Avocado and Chipotle Shrimp Salad with Tequila Shooters

- 1 European (seedless) cucumber, washed
- ¼ cup freshly squeezed lime juice
- ½ cup plus 1 tablespoon tequila
- 2 teaspoons sugar
- 1 garlic clove, minced
- 2 jalapeño peppers, stemmed, seeded, and minced
- ½ cup extra virgin olive oil
- Kosher salt and freshly ground black pepper
- 2 canned chipotle chiles in adobo, finely chopped, with their sauce
- 2 ripe avocados
- 8 extra-large shrimp (about ¾ pound), peeled and deveined
- 1 cup halved cherry tomatoes
- 1 small red onion, chopped into ¼-inch dice
- 1 tablespoon chopped fresh mint
- 2 tablespoons chopped fresh cilantro, plus 4 sprigs for garnish
- 1 lime, cut into quarters
Instructions:
Chipotle peppers and a host of south-of-the-border seasonings put a Mexican spin on this adults-only shrimp and avocado salad.
- Trim the ends of the cucumber, then cut it crosswise into quarters.

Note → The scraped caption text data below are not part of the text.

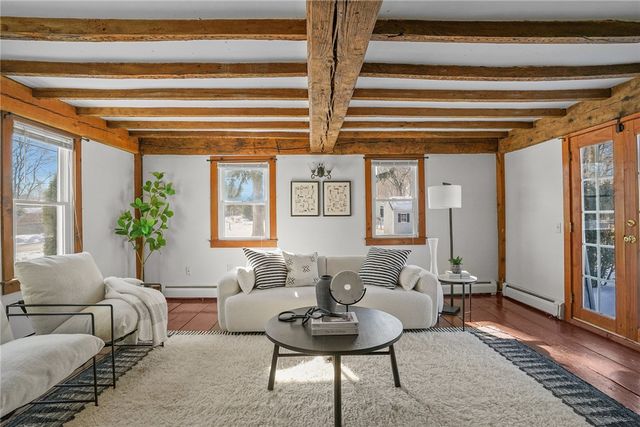 170 Austin Road, North Kingstown, RI 02852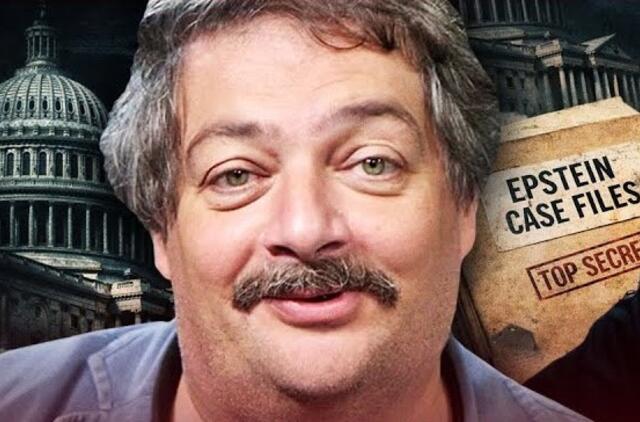 Dmitrijus Bykovas apie Rusijos ateitį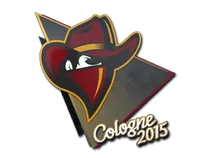 Renegades | Cologne 2015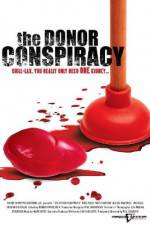 Watch The Donor Conspiracy 123netflix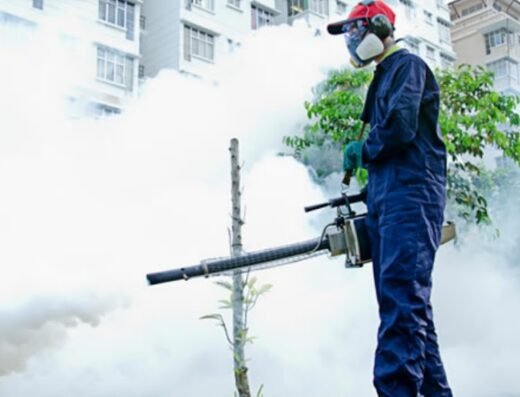 Shakti Pest Control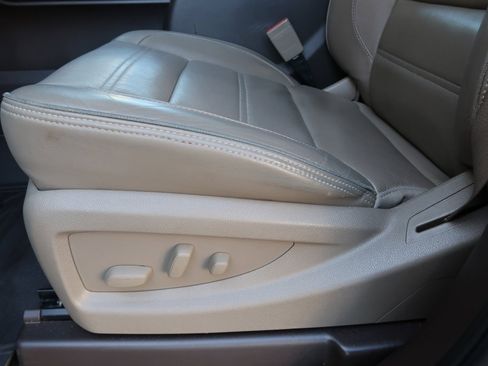 Certified 2016 GMC Sierra 2500 Denali w/ Duramax Plus Package image 11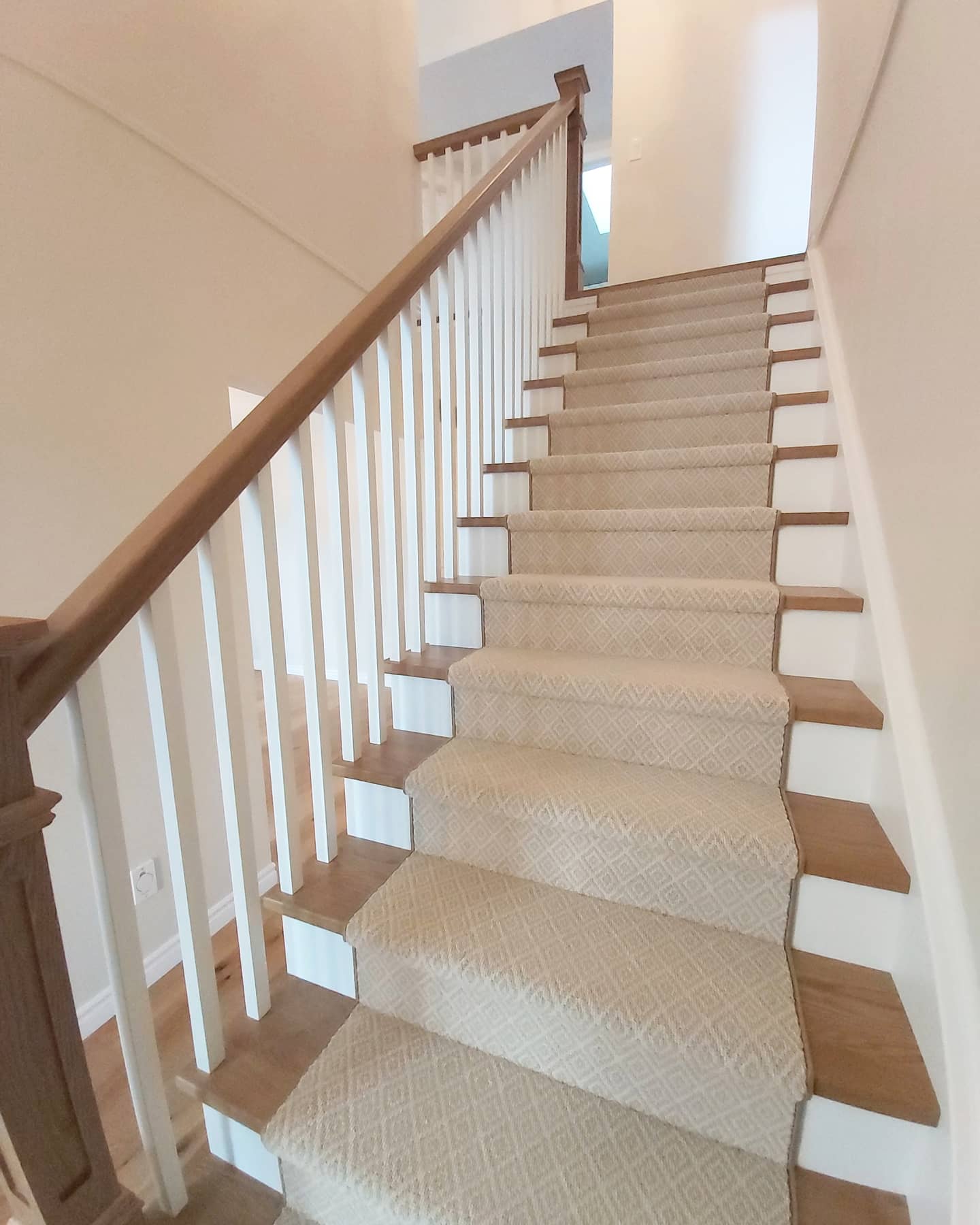 Stair project 3
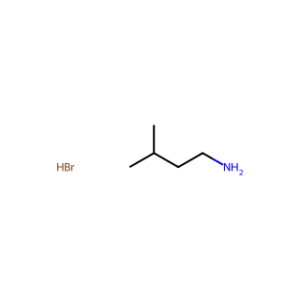 Isopentylamine Hydrobromide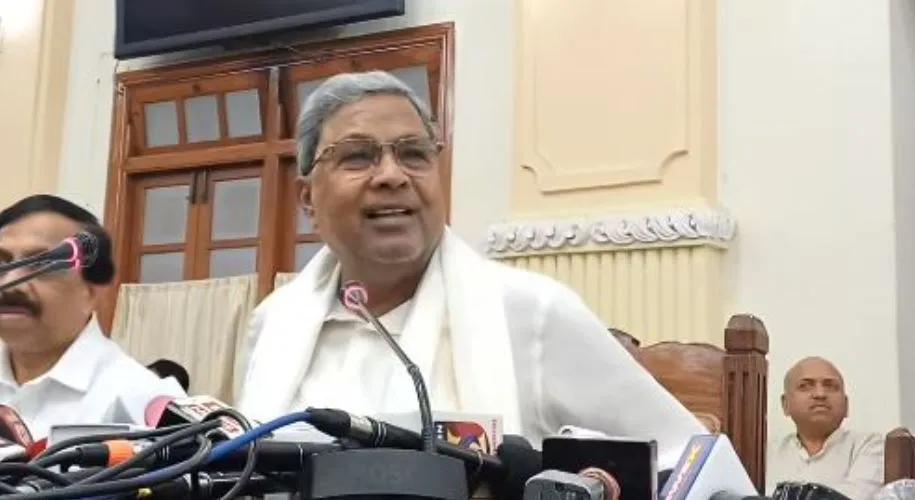 कर्नाटक: इनोवेशन पार्क, हवाई पट्टियां, फिल्म सिटी ... बुनियादी ढांचे के विकास के लिए की गईं ये घोषणाएं 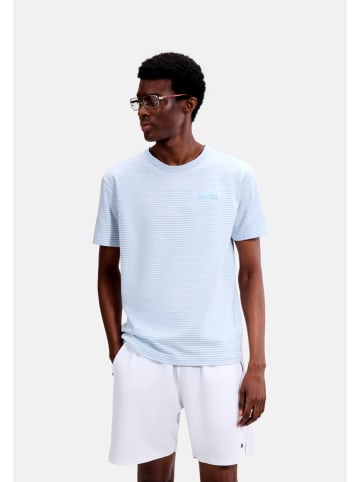 ellesse T-Shirt 'Carten' in hellblau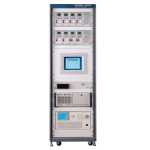 Switching Power Supply Automatic Test System Model 8200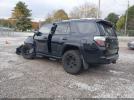 Toyota 4Runner Sr5 Premium Image 4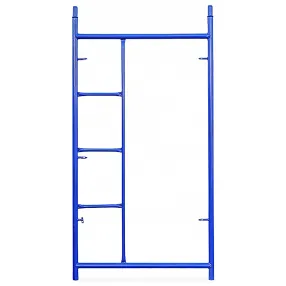 рама с лестницей лрсп 40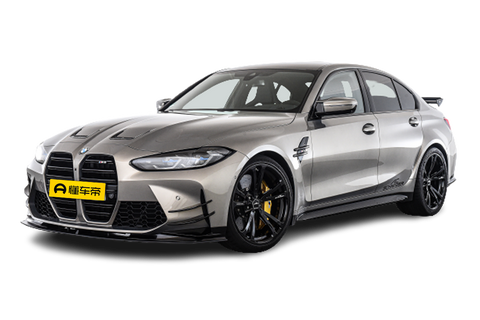 AC Schnitzer M3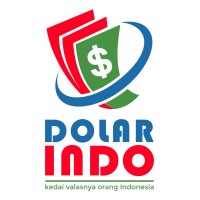 Dolarindo Money Changer logo - Similar company to Borevi
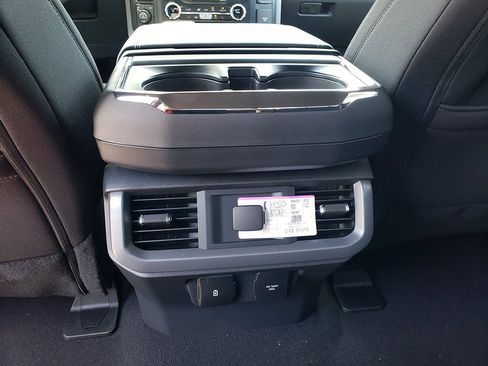 New 2025 Ford F150 XLT w/ Equipment Group 302A MID image 22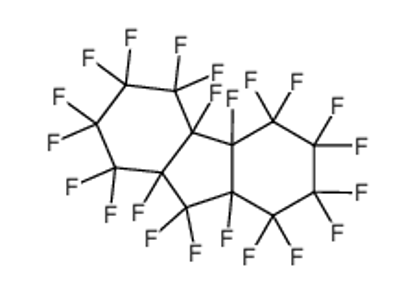 Изображение 1,1,2,2,3,3,4,4,4a,4b,5,5,6,6,7,7,8,8,8a,9,9,9a-docosafluorofluorene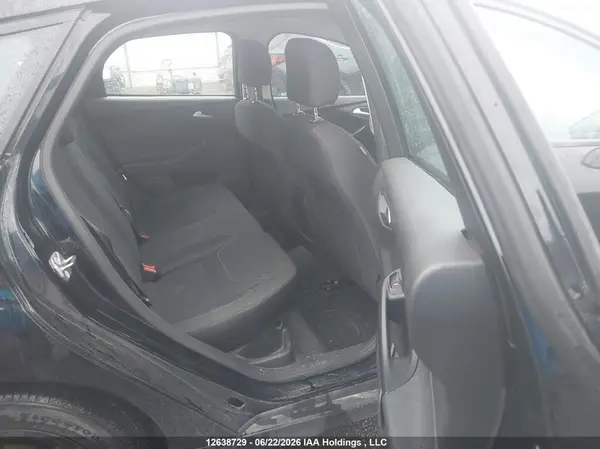 1FADP3K25GL286732 2016 FORD FOCUS - Image 8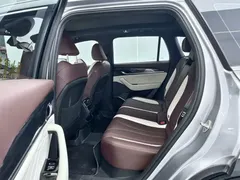 2021 Geely Monjaro 2.0TD DCT EVO 2WD Premium — фото 12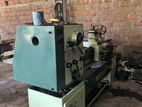 Lathe Machine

Using a melon bailer or a small spoon, scoop the flesh out of each piece, leaving 1/4-inch-thick walls and a Mi-inch bottom. Cover and refrigerate until needed.
- Whisk together the lime juice, 1 tablespoon of the tequila, ½ teaspoon of the sugar, the garlic, and jalapeños in a small bowl. Whisk in ¼ cup plus 2 tablespoons of the olive oil in a slow, thin stream. Season with salt and pepper.
- Mix the chipotle chiles with 1 teaspoon of the sugar and 1 tablespoon of the vinaigrette in a small bowl. Add the shrimp and toss well. Cover and marinate for 1 hour in the refrigerator. Refrigerate the rest of the vinaigrette.
- When you’re ready to finish the dish, peel, pit and cut each avocado into 8 slices.
- Heat the remaining 2 tablespoons olive oil in a large sauté pan over medium heat. Season the shrimp with salt, then add to the pan and cook for about 5 minutes on each side, or until just cooked through. Remove the pan from the heat and let cool.
- When the pan has cooled, add the tomatoes, red onion, and herbs to the shrimp, along with ¼ cup of the vinaigrette. Season with salt and toss well (do this in the pan so you don’t lose any of the shrimp’s cooking juices).
- Arrange 4 slices of avocado on each plate. Sprinkle the avocado with salt and pepper and drizzle with the remaining vinaigrette. Spoon the salad on top, putting 2 shrimp on each plate. Dip the tops of the cucumber into salt if desired. Fill each one with 2 tablespoons of the tequila.
- Stand a cucumber shooter next to each salad, garnish each salad with a wedge of lime and a sprig of cilantro, and serve.